→ **Activity**
For any picture in the lines below, please leave it out and copy the rest exactly.

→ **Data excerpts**

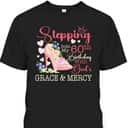 Stepping Into My 60th Birthday With God's Grace Mercy T-Shirt Stepping Into My 60th Birthday With God's Grace Mercy T-Shirt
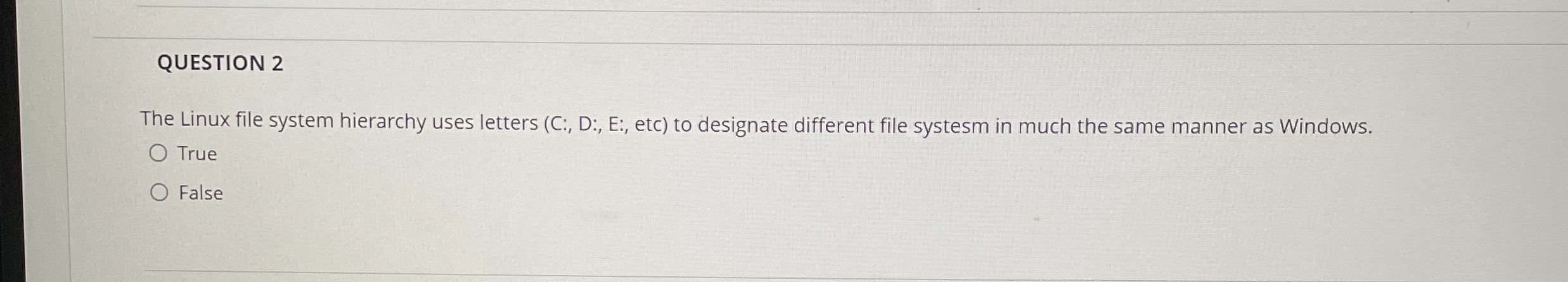 QUESTION 2 The Linux file system hierarchy uses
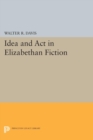 Image for Idea and Act in Elizabethan Fiction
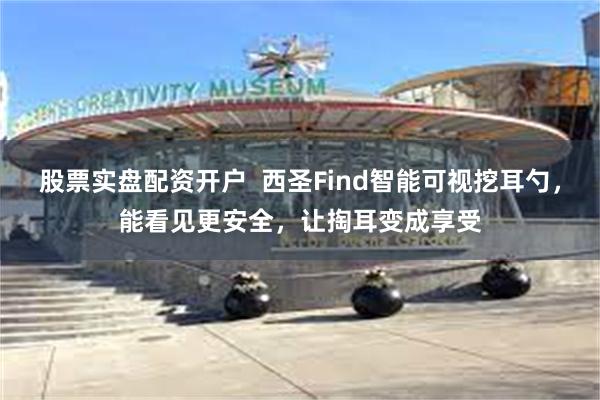 股票实盘配资开户  西圣Find智能可视挖耳勺，能看见更安全，让掏耳变成享受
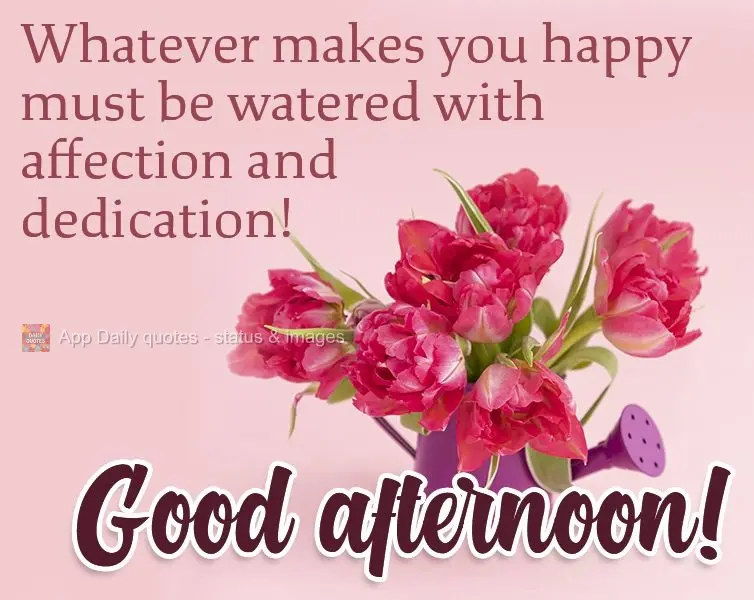 Aquilo que te faz feliz, deve ser regado com carinho e dedicação! Boa tarde!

→ **Task result**
 Stepping Into My 60th Birthday With God's Grace Mercy T-Shirt Stepping Into My 60th Birthday With God's Grace Mercy T-Shirt
 QUESTION 2 The Linux file system hierarchy uses
 Image for Idea and Act in Elizabethan Fiction
 股票实盘配资开户  西圣Find智能可视挖耳勺，能看见更安全，让掏耳变成享受
 Aquilo que te faz feliz, deve ser regado com carinho e dedicação! Boa tarde!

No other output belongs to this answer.